**Action item:** Each line in the material below, starting at the one with "Black 2020 Cadillac XT6 Sport" and ending at the one with "Rouleuse de tôles Piesok XZMP 3150/16", is to be reproduced exactly; no picture is to be copied.

**Available records:**
>>>
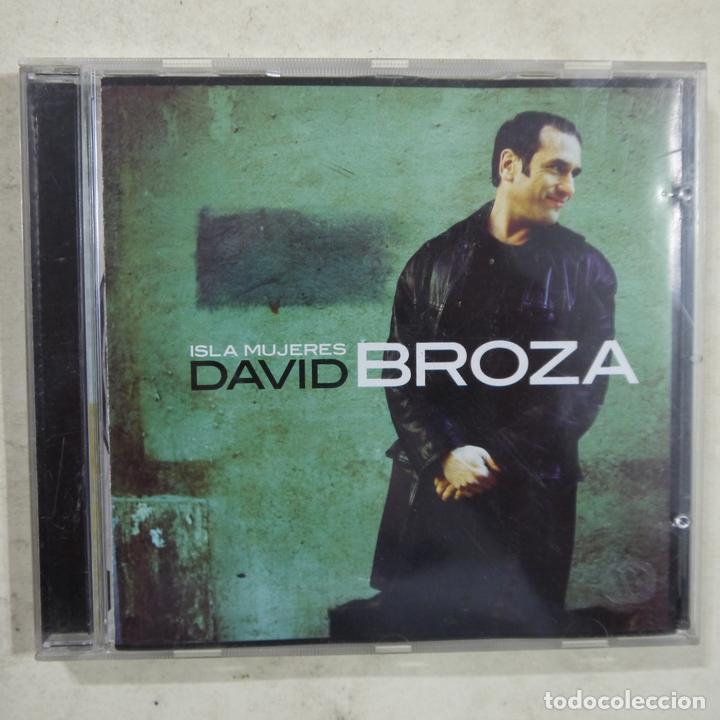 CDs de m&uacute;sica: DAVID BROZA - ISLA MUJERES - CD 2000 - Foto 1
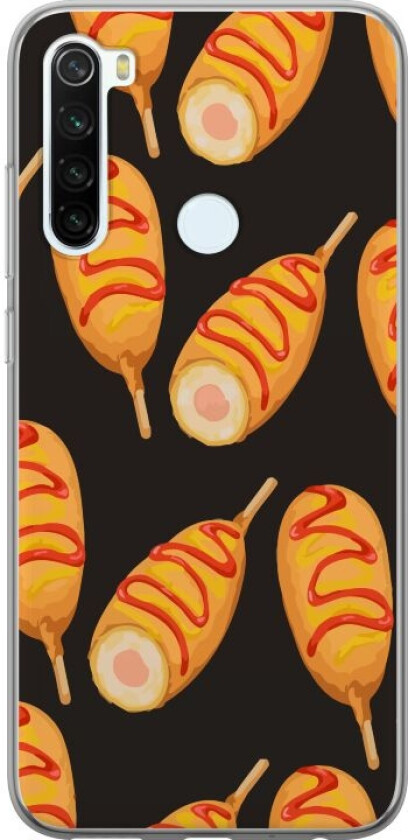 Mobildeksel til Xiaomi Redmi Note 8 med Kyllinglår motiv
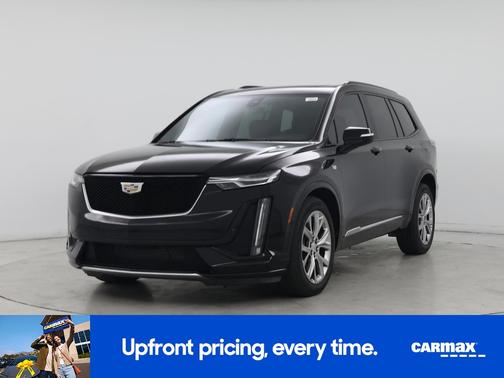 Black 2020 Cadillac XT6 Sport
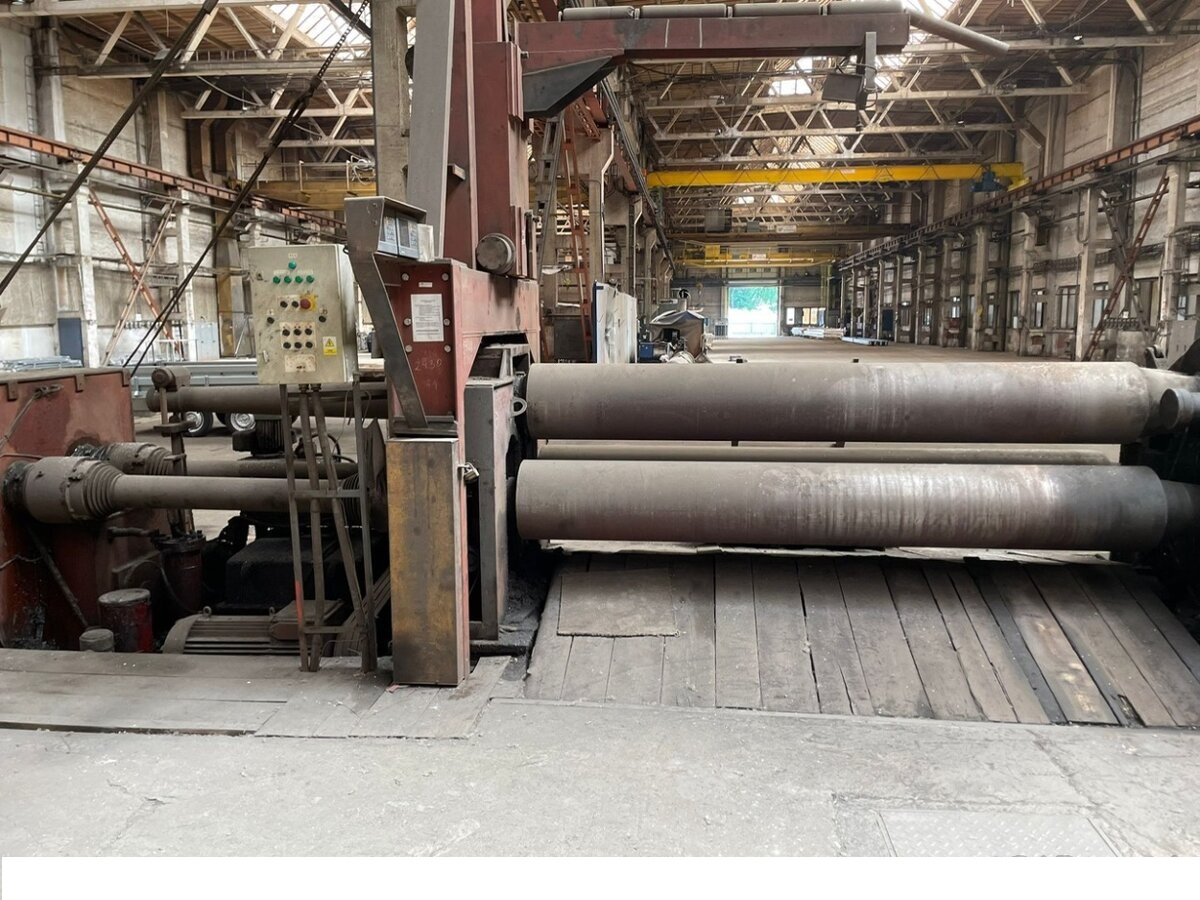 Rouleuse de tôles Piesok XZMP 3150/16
<<<
>>>
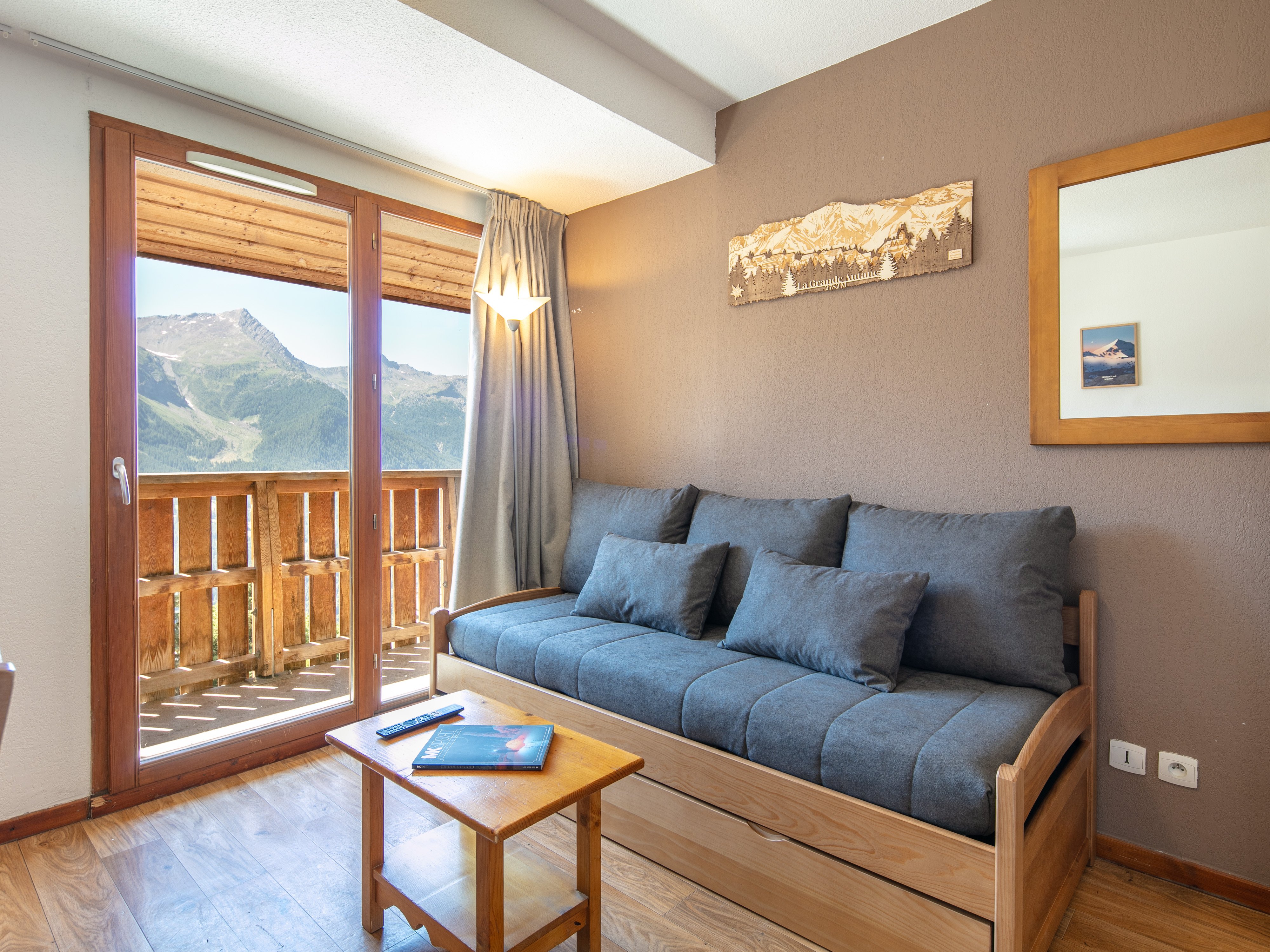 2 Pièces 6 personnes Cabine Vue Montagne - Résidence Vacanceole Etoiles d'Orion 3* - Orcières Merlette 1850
<<<
>>>
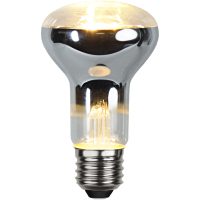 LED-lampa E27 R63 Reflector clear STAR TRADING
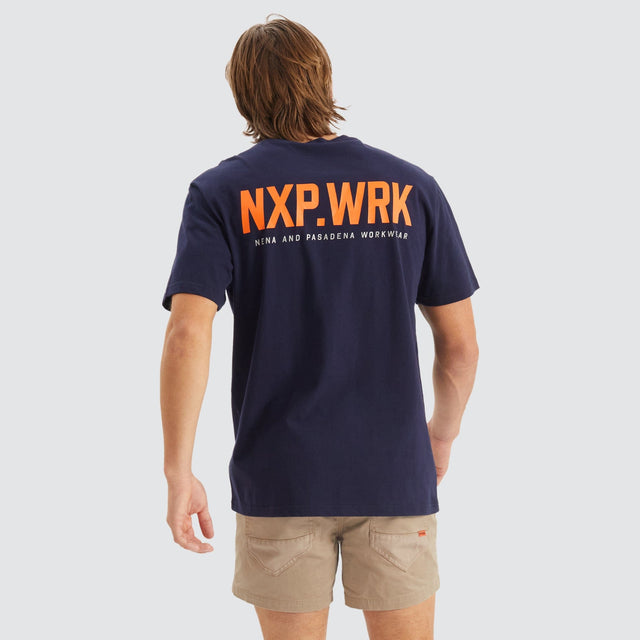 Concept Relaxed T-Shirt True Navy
<<<
**Task response:**
 Black 2020 Cadillac XT6 Sport
 Rouleuse de tôles Piesok XZMP 3150/16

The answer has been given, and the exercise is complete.